The UTK Agriculture Farm Mound site is an archaeological site on the agriculture campus of the University of Tennessee in Knoxville, Tennessee. The site is a burial mound made by people of the Woodland period, and has been dated as early as ca. 644 AD. Today, the site is a landmark on the UTK campus and is listed in the National Register for Historic Places.

Location

The site is located at the Agricultural Campus at the corner of Joe Johnson Drive and Chapman Drive.  In 2011, a garden was built around the site to protect it from "construction damage"  and attract interest and attention to the mound. The design of the garden was developed by Hendrik van de Werken and Don Williams, professors of Ornamental Horticulture and Landscape Design at UT, and was revised by Sam Rogers, who is an associate professor in the Department of Plant Sciences.
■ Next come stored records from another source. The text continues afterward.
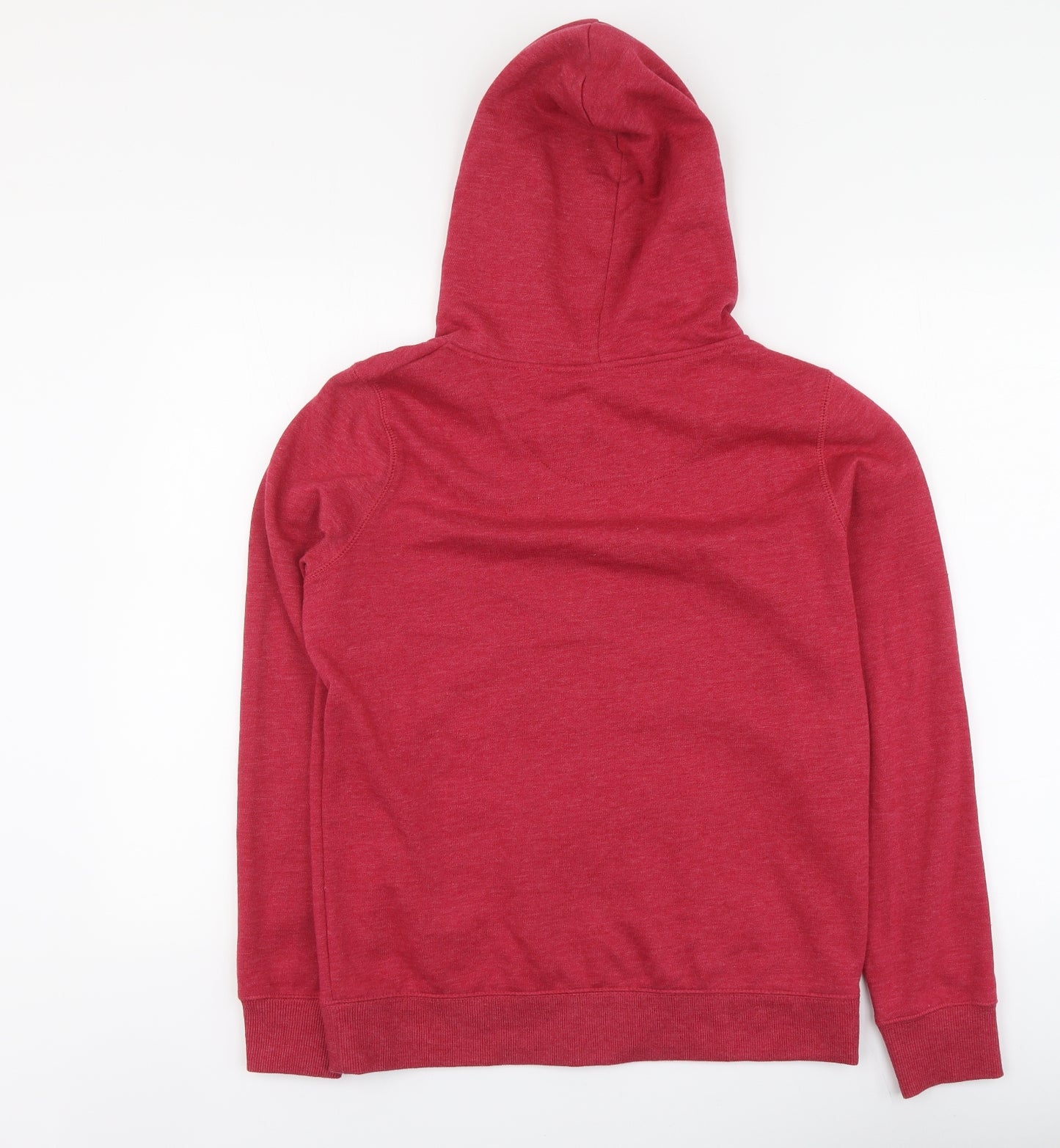 Dunnes Stores Womens Red Cotton Full Zip Hoodie Size 14 Zip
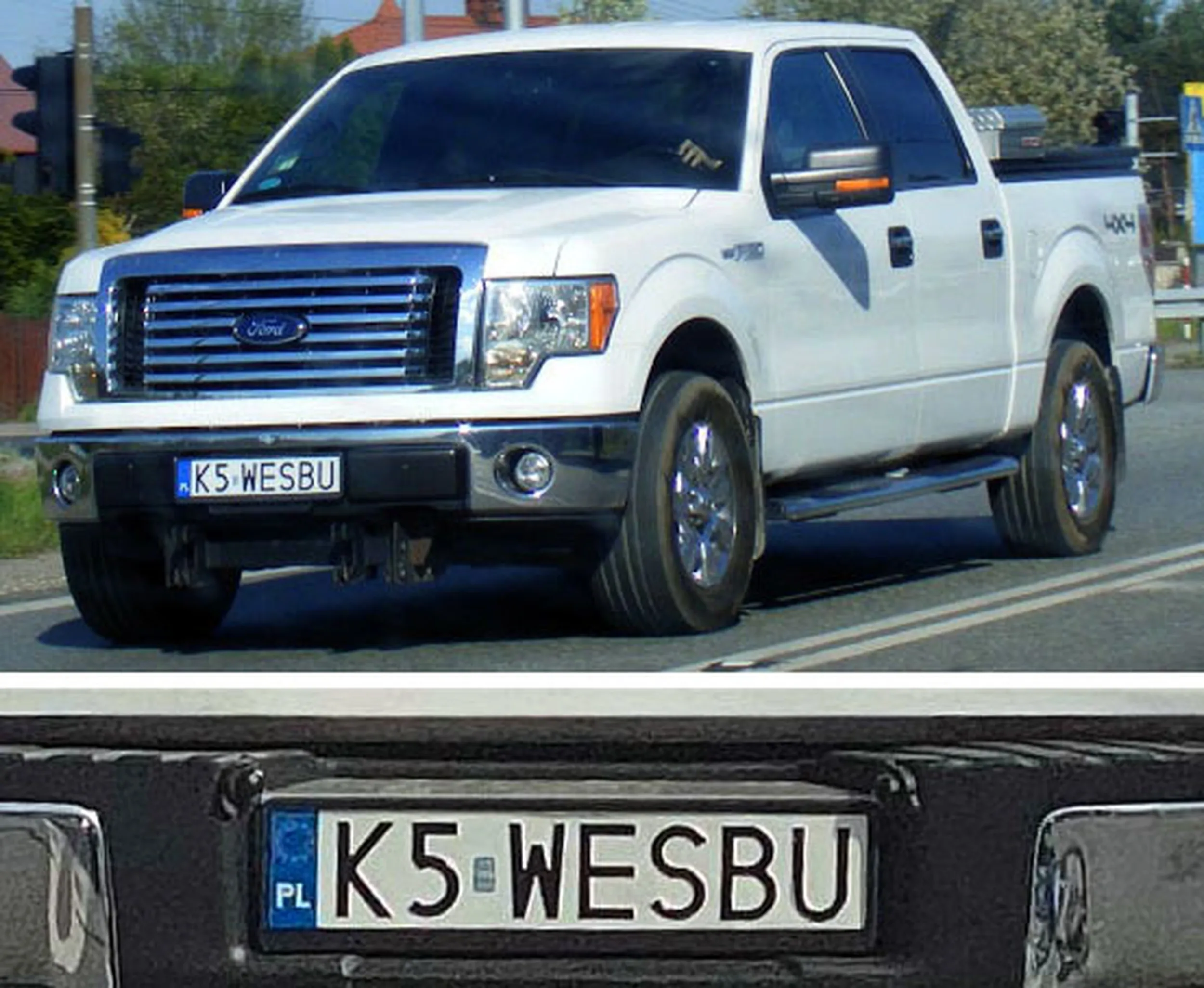 Fajny numer, blacha K5 WESBU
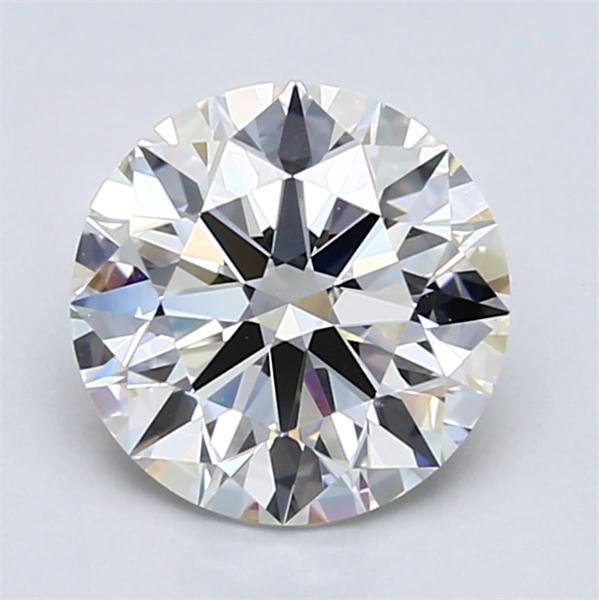 1.92ct G IF Rare Carat Ideal Cut Round Diamond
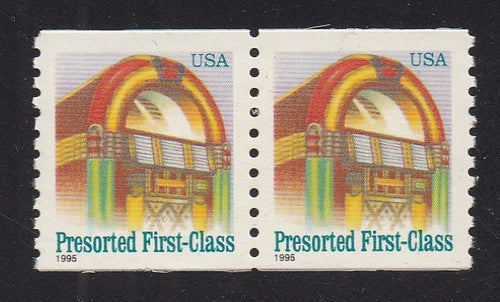 # 2912 (1995) Juke Box - Coil pr, MNH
The president of the Tennessee Chapter of Gamma Sigma Delta (The Honor Society of Agriculture), Fred Allen, proposed the project to the UT Chapter in 2008 "as a long term service project to enhance the educational opportunities and aesthetic beauty of the site". Project directors enlisted the help of the Eastern Cherokee tribe and Tribal Historic Preservation. Principal Chief Michell Hicks attended the ribbon-cutting ceremony, and elder Mertyl Driver blessed the site.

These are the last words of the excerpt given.